At the Housing & New Homes Committee last week, Council officers brought forward a proposal to try and address some of these issues – setting up a ‘joint housing venture’ with Hyde Housing Association which it is hoped will deliver 1,000 new affordable homes.
Although we agree that in principle a joint venture such as this is a good idea (the Council would effectively be doubling the number of homes built for the same level of investment) we do feel that the proposals have been rushed through. The Conservative Group was only given a detailed briefing by officers two days before the meeting and this was at my own request.

We also have concerns about some of the financial details and potential risks to council taxpayers. For example, the Council is proposing to borrow £50 million against its General Fund yet has not carried out a tendering exercise to determine whether Hyde’s offer represents the best value for money. As a result, at the meeting our Committee members spent a long time asking very detailed questions about the plans, and in the end proposed that the decision is deferred for a couple of months in order to further explore some of these issues.

Unfortunately, the Labour Chair of the Committee didn’t take too kindly to this and accused one of our members in particular – Cllr. Joe Miller – of ‘playing games’. This is a comment which I hope she now regrets in the cold light of day. Setting up a joint housing venture is an extremely important decision for the Council and Joe and his colleagues in our Group were quite right to question officers and lawyers forensically on the potential risks to council taxpayers. In fact, had they not done so it would have been a dereliction of their duty. I can remember being in a similar situation when I was first elected to Brighton Council, being attacked by older members for doing my job, and so I back Joe 100%.

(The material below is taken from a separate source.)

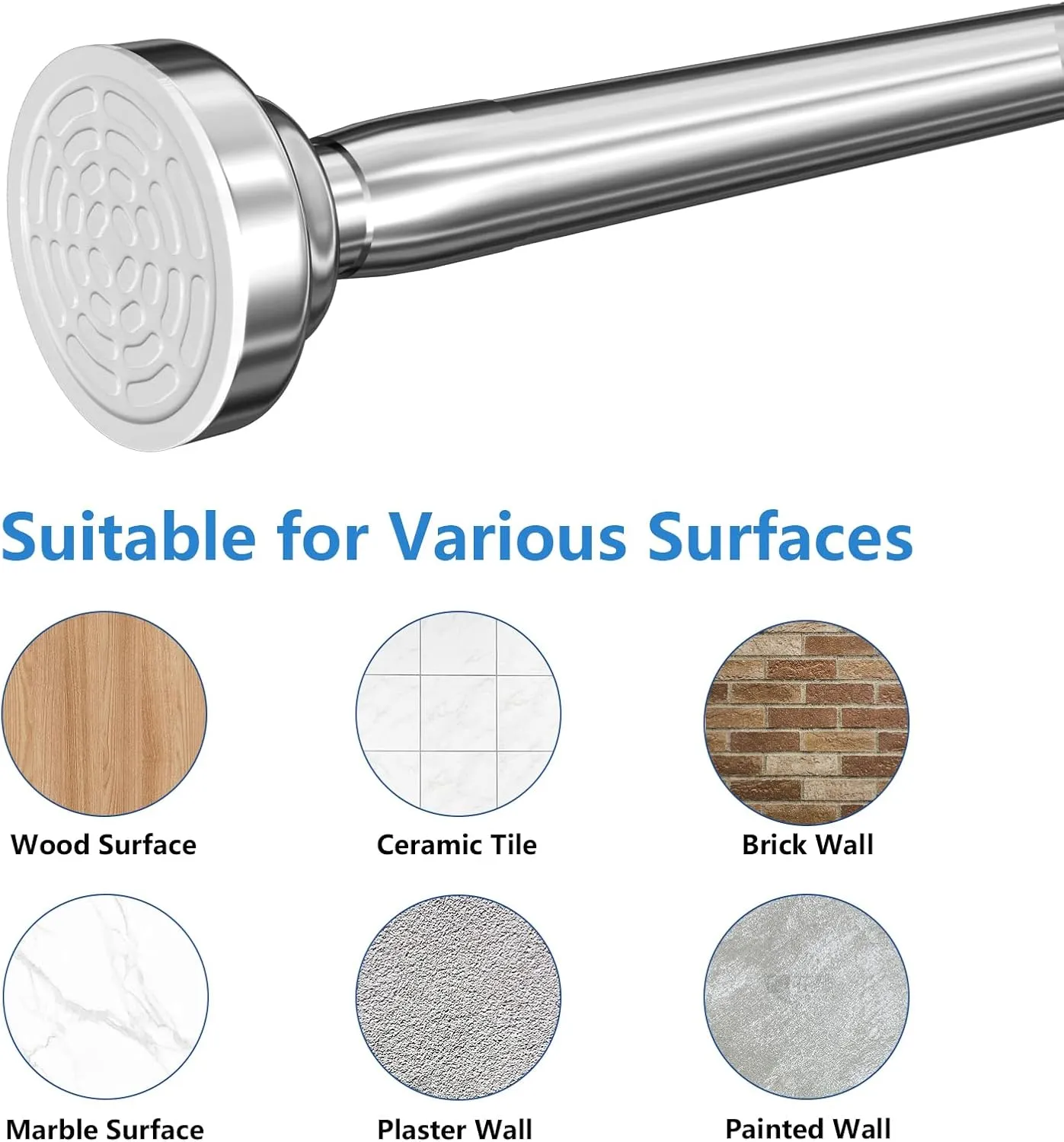 Umimile Shower Curtain Rod 57-100 Inches, 1 Inch Diameter Adjustable Spring Tension Curtain Rod, 304 Stainless Steel Shower Rod for Bathroom, Windows, Never Rust Non-Slip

There is cross party agreement on the Council on the seriousness of the housing crisis and we really want to see this proposal succeed. Indeed, in our last local election manifesto we put forward a similar proposal for the Council to borrow money to build new homes. When we were in Administration in 2009 we also set up an innovative new company to refurbish some of the Council’s worst housing stock – a project which has been very successful.

However, the pressing need to take action does not mean that any proposals put forward by the Administration should be immune from proper scrutiny, particularly when such large sums of public money are involved.